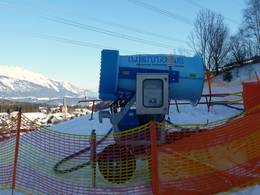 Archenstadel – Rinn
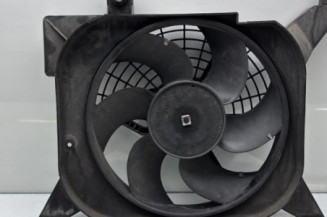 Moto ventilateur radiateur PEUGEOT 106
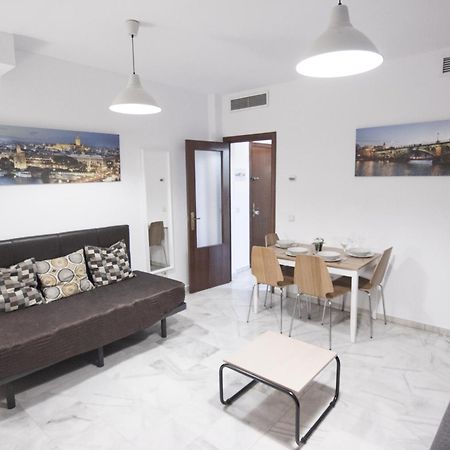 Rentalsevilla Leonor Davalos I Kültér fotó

═══

What you have to do: The material above is to be repeated word for word, with no images kept.

Answer to this task:
 Archenstadel – Rinn
 Moto ventilateur radiateur PEUGEOT 106
 Rentalsevilla Leonor Davalos I Kültér fotó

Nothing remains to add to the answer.